= Beginning of Section =

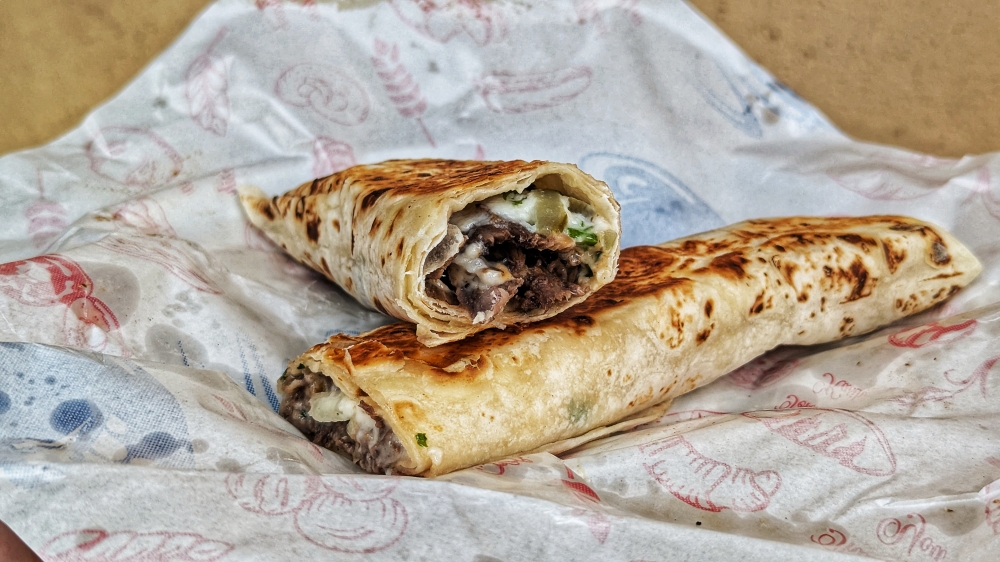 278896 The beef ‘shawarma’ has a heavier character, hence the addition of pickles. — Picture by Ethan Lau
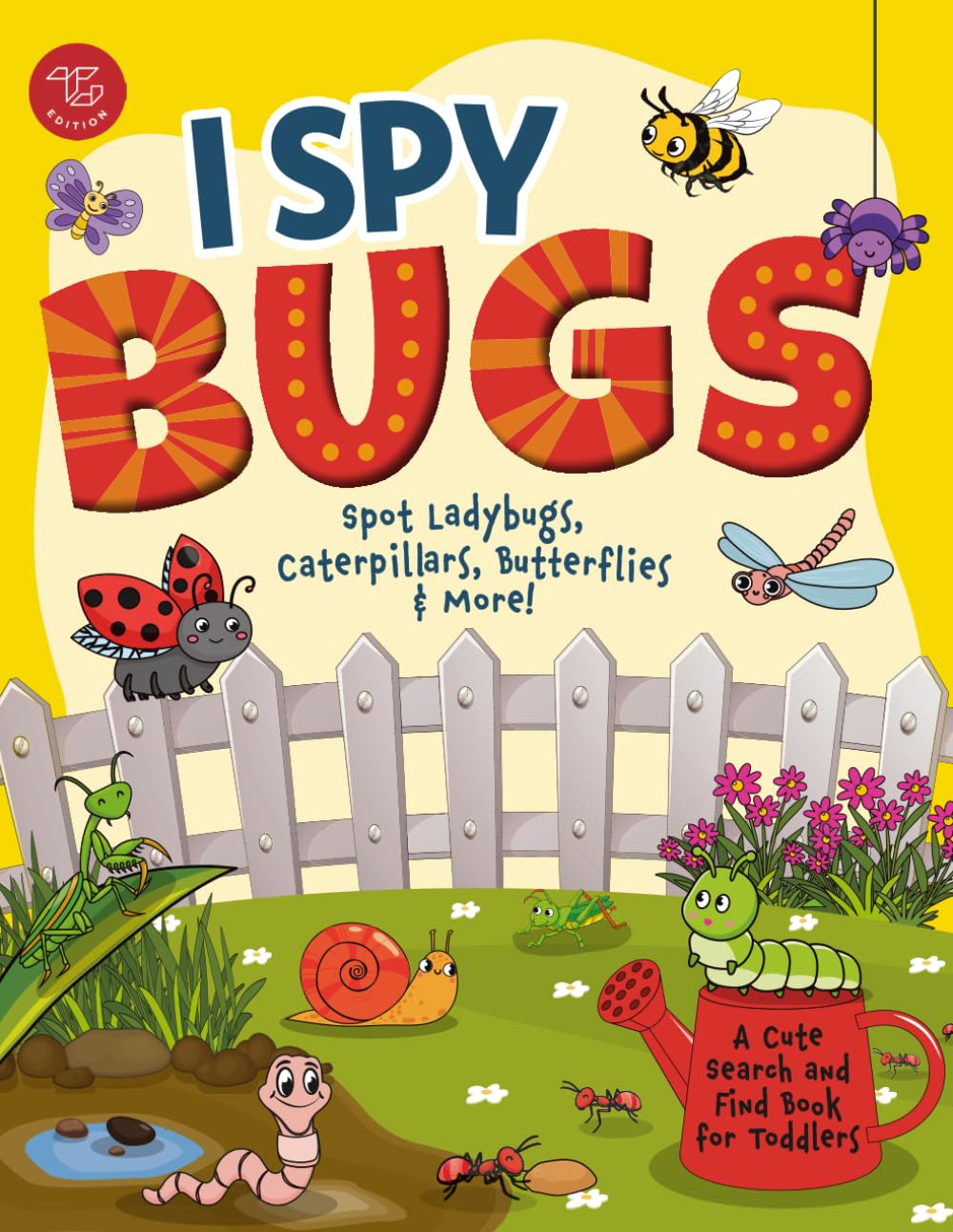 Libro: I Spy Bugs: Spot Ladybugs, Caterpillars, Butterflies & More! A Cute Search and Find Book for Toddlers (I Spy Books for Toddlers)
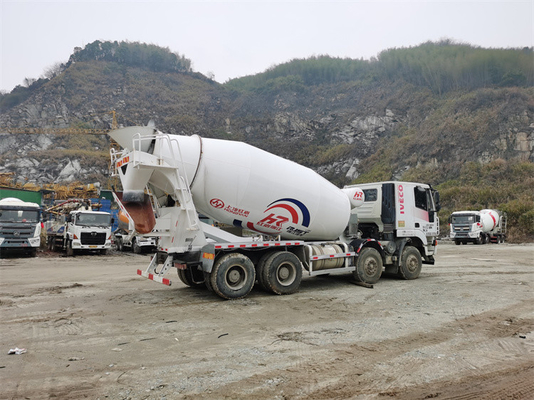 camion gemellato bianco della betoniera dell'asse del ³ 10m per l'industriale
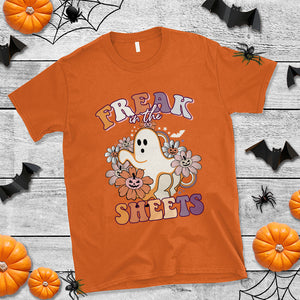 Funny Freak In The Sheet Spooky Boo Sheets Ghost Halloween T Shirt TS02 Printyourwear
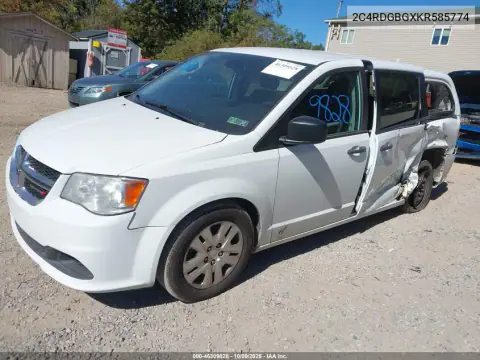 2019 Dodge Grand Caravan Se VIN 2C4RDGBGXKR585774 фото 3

= End of Section =
= Beginning of Section =

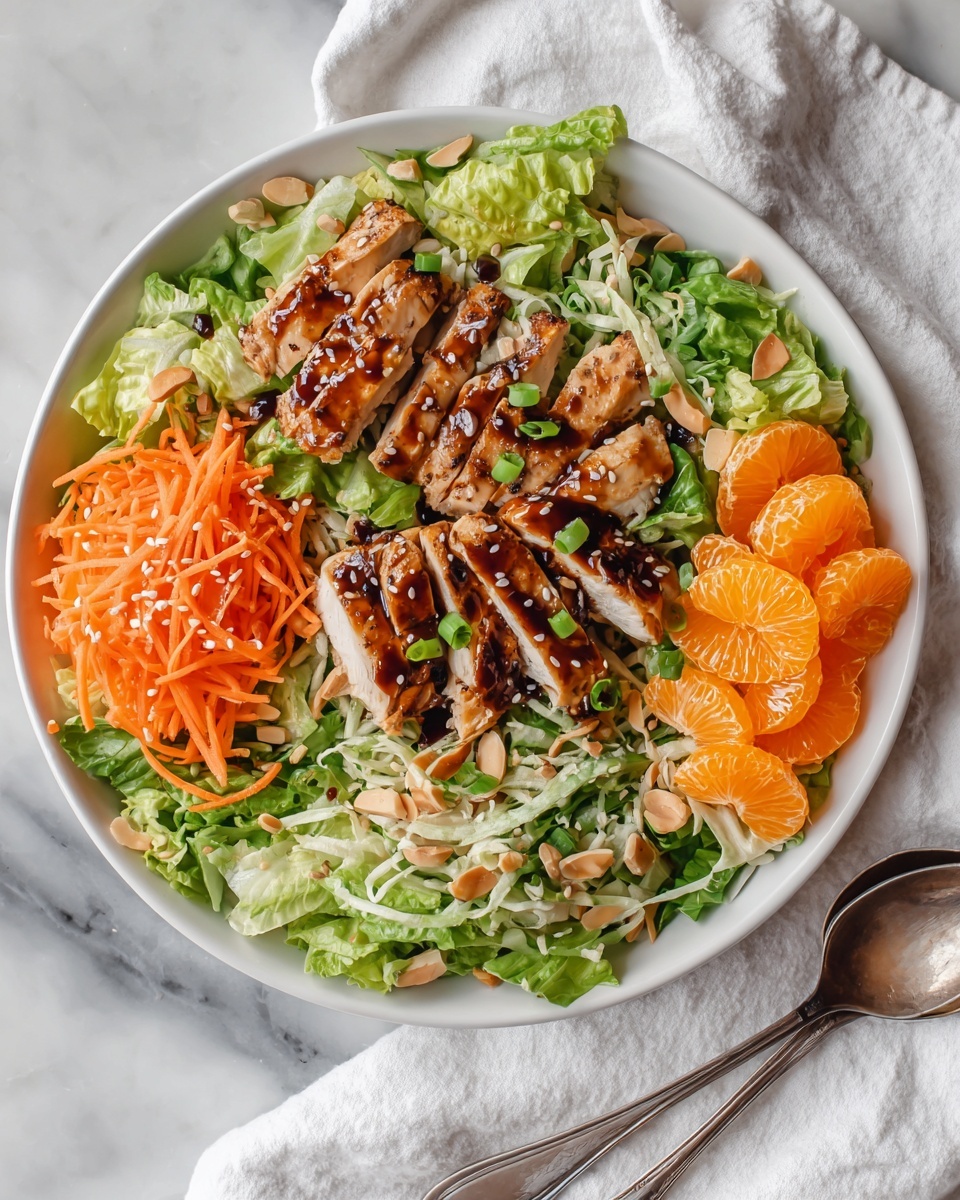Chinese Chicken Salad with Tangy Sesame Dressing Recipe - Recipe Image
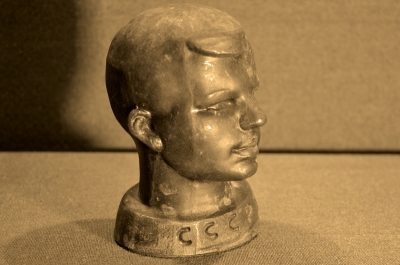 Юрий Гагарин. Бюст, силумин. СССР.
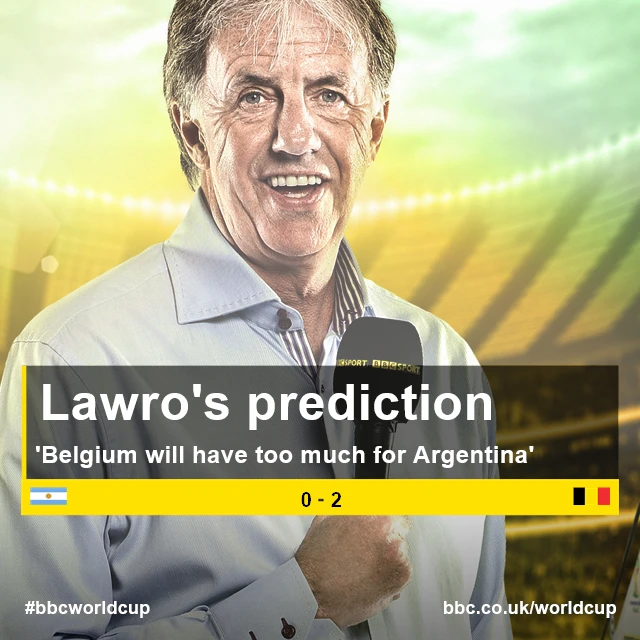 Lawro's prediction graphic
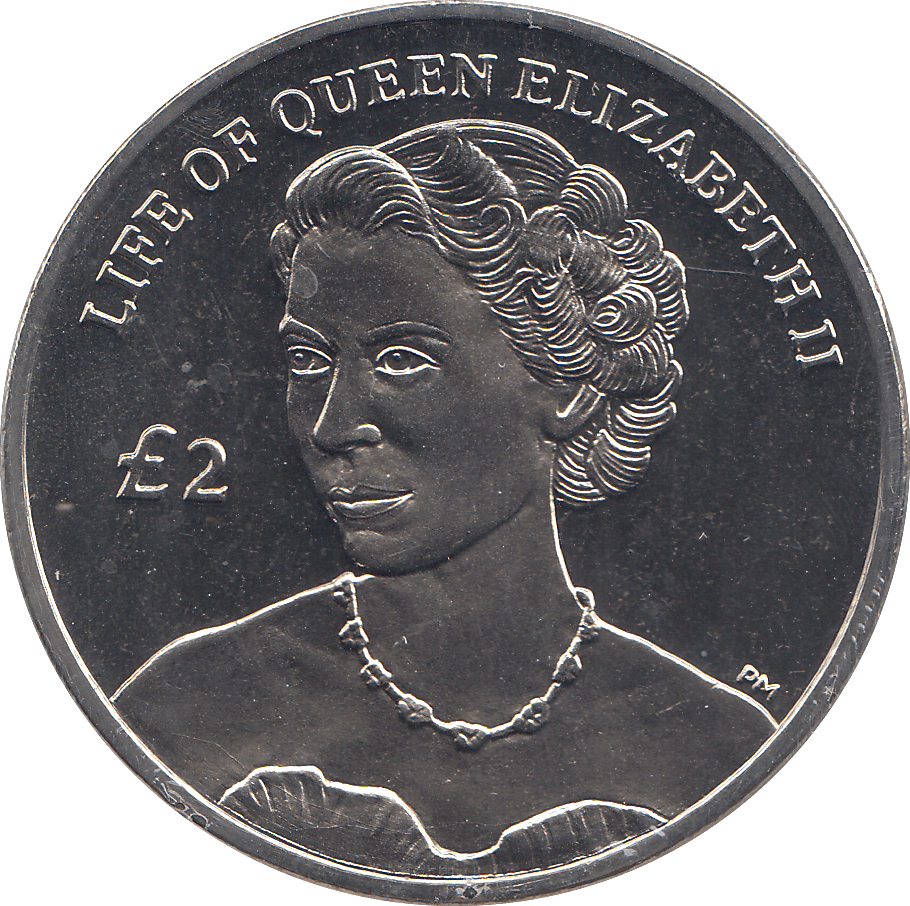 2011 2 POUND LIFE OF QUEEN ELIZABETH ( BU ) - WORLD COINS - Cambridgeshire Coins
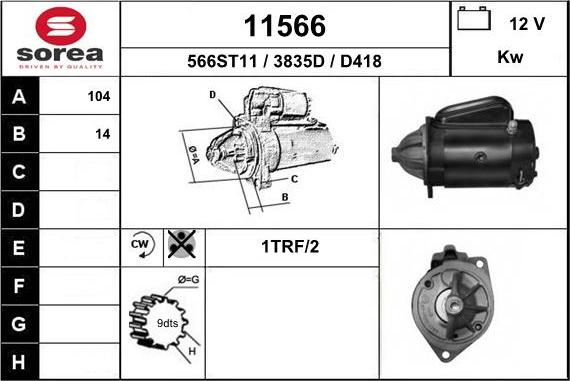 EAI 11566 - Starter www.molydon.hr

= End of Section =

Transcribe the listing above exactly, but only from the line with "Funny Freak In" through the line with "2019 Dodge Grand". Include both of those lines and omit the pictures.

Answer:
 Funny Freak In The Sheet Spooky Boo Sheets Ghost Halloween T Shirt TS02 Printyourwear
 2019 Dodge Grand Caravan Se VIN 2C4RDGBGXKR585774 фото 3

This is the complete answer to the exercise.